Whales are social animals that like to keep in touch with each other. They have rather low frequency voices that range below that of a human singing bass. The low frequency sound carries for very long distances through water so that they can communicate over long distances.

The blue whales are one of our endangered species that live by sieving krill out of the sea water. They call to one another to indicate good feeding conditions with what are know as D-calls.

Unfortunately for the whales, we humans are causing more and more noise pollution with ship engine noise, explosions and powerful sonar. Melcón et al have followed a group of blue whales and monitored their vocal behavior under various conditions of noise pollution (1).

The general noise from passing ships is at multiple frequencies that are used by the whales and the whale’s response is to shout louder so that their colleagues can get the messages in spite of the noisy background. They also call more frequently to ensure that the messages are received.
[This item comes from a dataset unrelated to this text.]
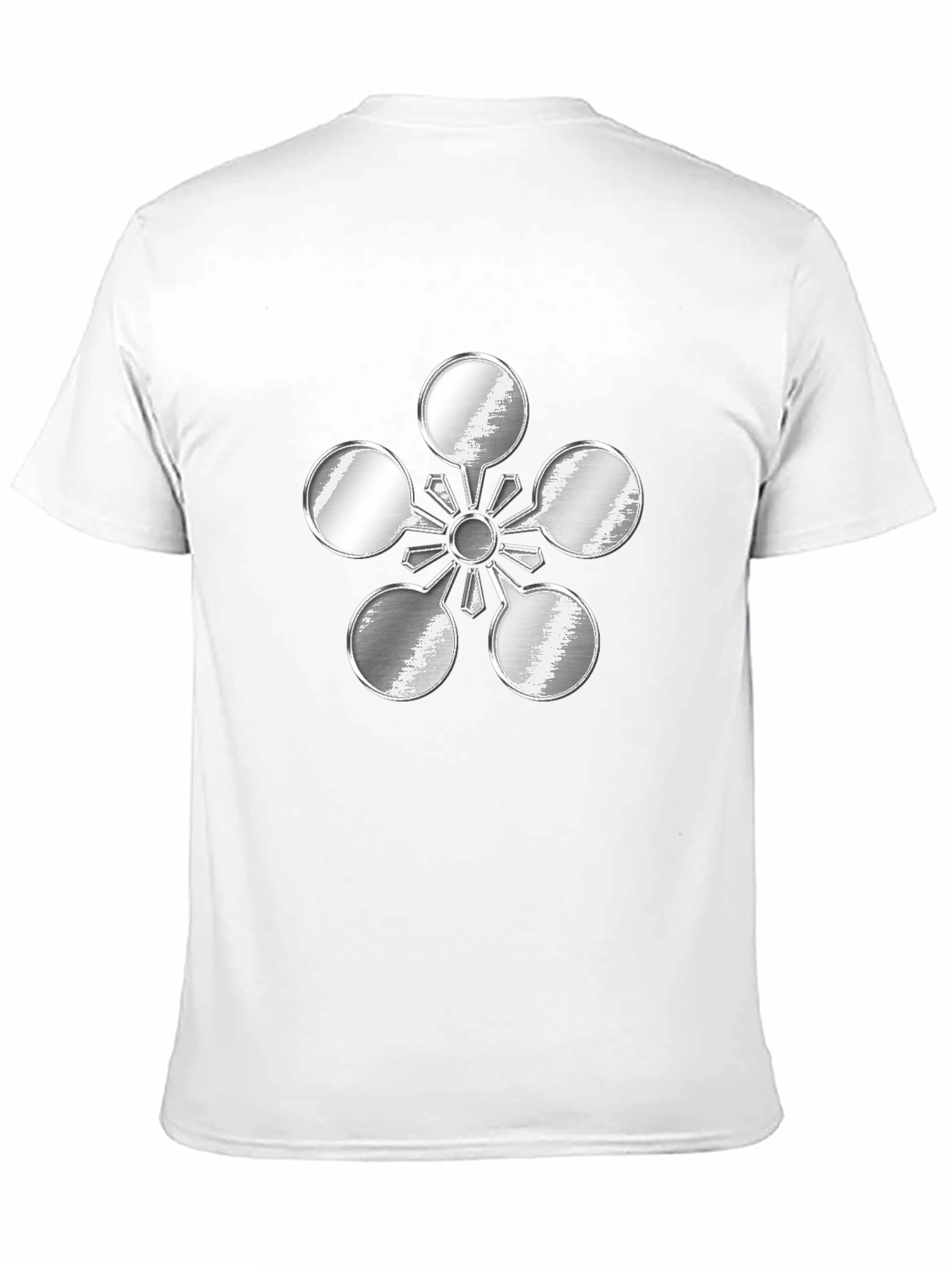 Black Abstract Metal Flower Design Black T-Shirt view 11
If, as is their habit, the navy or the oilmen create explosions, the whales shut up for a little while until they can get their act together and get back to chatting in whale.

The bad thing, though, is powerful sonar signals. They shut right up and keep mum. Remember sonar is not broad-spectrum noise. We’re not very fond of piercing narrow frequency sound as I’m sure you’ll agree if you remind yourself of some alarm systems that can scare everybody off for miles around.

It can’t be much fun for the whales and it seems that it can quite put them off their feed. We should remember that noise pollution can be more than just irritating and that other species use different frequency ranges from ourselves. Whales are using low frequencies to get messages over huge distances, while Tarsiers in the Phillipines are using high ultrasonic frequencies that are outside the hearing of their predators and only travel very short distances.